Transcribe only the lines of the listing below from the one holding "Dos médicos forman" through the one holding "Stunning views of", inclusive, without any change.

§ **DATASET EXTRACT**
════════════════
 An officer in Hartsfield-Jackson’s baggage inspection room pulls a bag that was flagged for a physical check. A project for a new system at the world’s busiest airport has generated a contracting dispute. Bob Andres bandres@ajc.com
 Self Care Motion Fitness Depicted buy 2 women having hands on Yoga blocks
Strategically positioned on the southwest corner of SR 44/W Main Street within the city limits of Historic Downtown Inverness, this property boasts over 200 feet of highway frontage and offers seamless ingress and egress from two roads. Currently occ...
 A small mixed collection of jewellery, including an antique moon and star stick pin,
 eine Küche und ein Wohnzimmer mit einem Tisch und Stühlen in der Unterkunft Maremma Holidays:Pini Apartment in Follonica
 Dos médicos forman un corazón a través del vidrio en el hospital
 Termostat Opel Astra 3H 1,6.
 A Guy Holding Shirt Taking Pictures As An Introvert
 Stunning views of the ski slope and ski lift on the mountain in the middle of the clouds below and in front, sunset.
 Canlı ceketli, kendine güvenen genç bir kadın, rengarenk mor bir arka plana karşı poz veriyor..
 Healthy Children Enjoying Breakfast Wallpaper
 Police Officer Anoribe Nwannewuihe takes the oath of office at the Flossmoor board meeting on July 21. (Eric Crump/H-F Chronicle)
════════════════
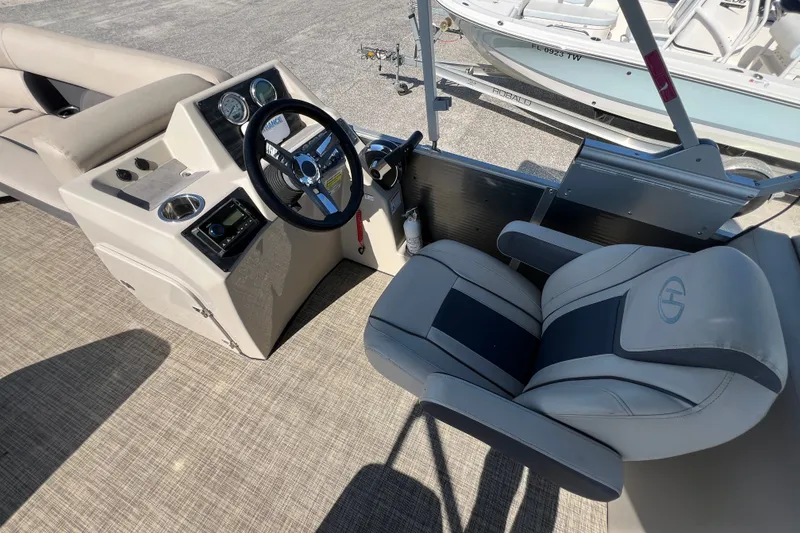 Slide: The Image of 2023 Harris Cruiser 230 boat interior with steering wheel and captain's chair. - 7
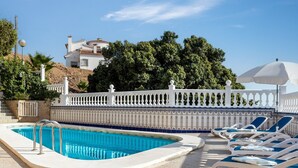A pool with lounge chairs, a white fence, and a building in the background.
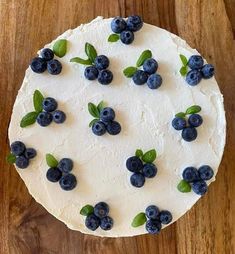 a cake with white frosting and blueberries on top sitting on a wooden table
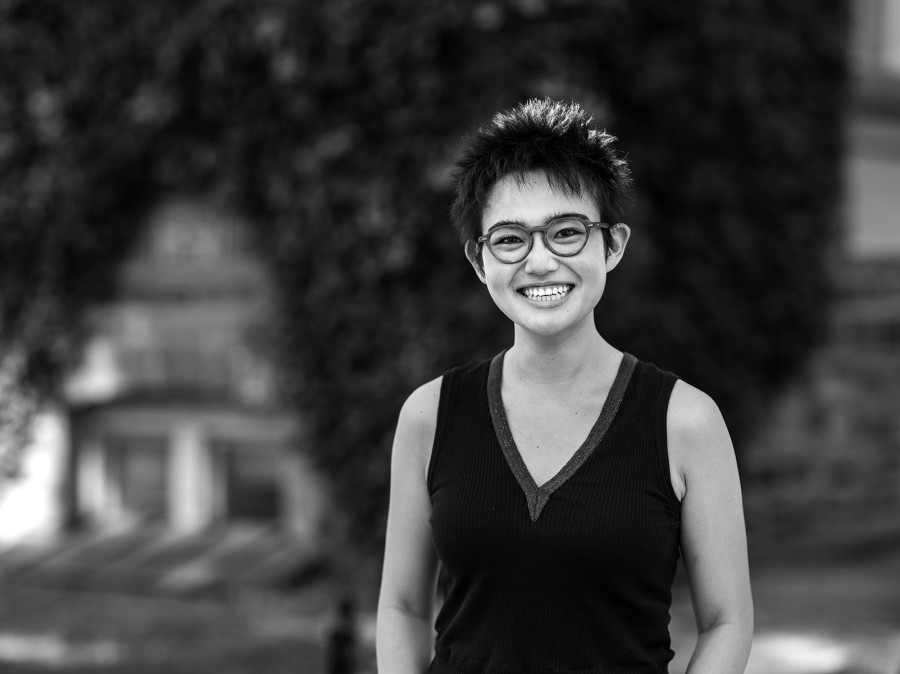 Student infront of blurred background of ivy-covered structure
════════════════
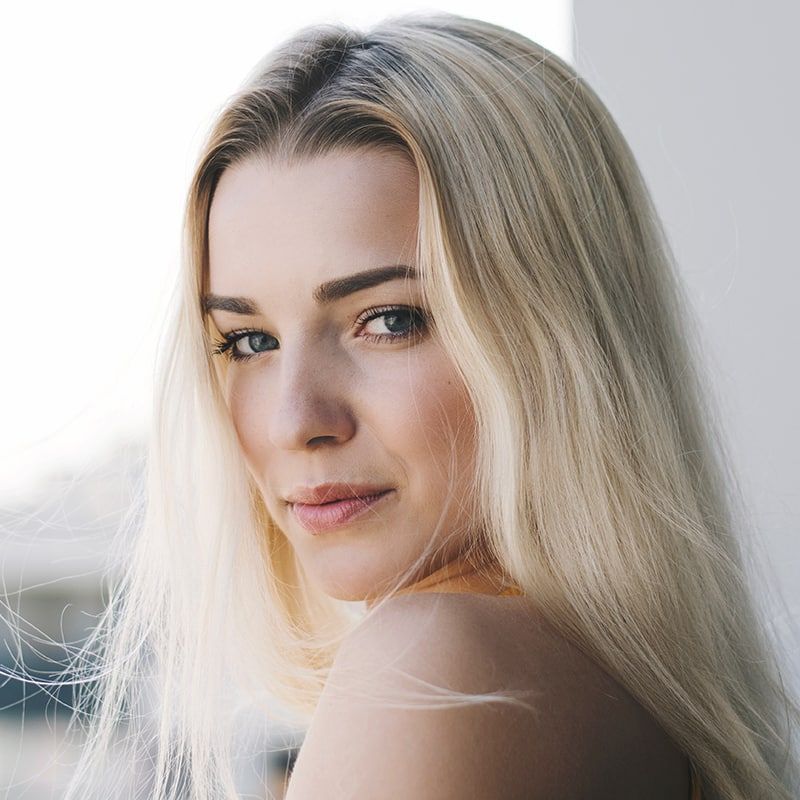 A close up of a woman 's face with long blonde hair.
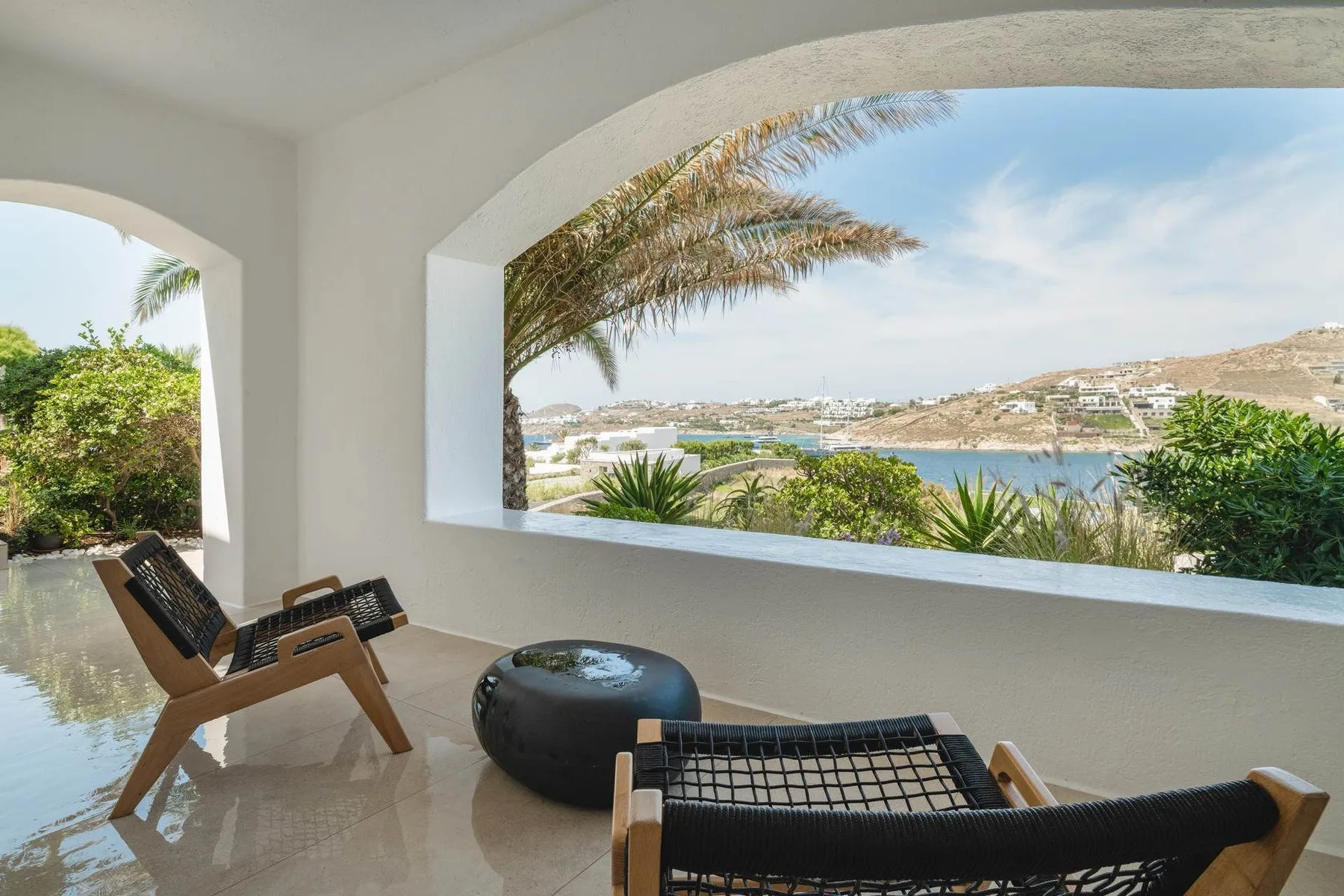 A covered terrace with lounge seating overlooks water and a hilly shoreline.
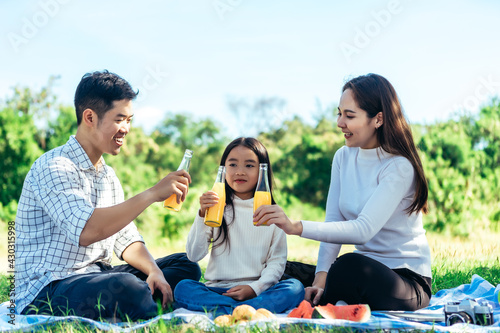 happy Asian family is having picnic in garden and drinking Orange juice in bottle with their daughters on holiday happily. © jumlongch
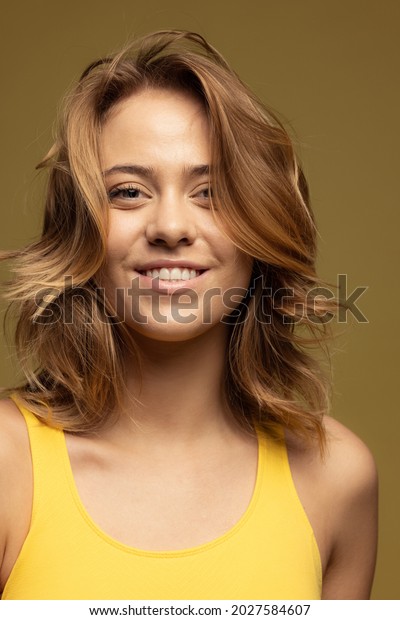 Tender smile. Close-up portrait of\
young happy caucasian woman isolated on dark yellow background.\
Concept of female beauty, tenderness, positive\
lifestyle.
════════════════
§ **WRITTEN SOLUTION**
 Dos médicos forman un corazón a través del vidrio en el hospital
 Termostat Opel Astra 3H 1,6.
 A Guy Holding Shirt Taking Pictures As An Introvert
 Stunning views of the ski slope and ski lift on the mountain in the middle of the clouds below and in front, sunset.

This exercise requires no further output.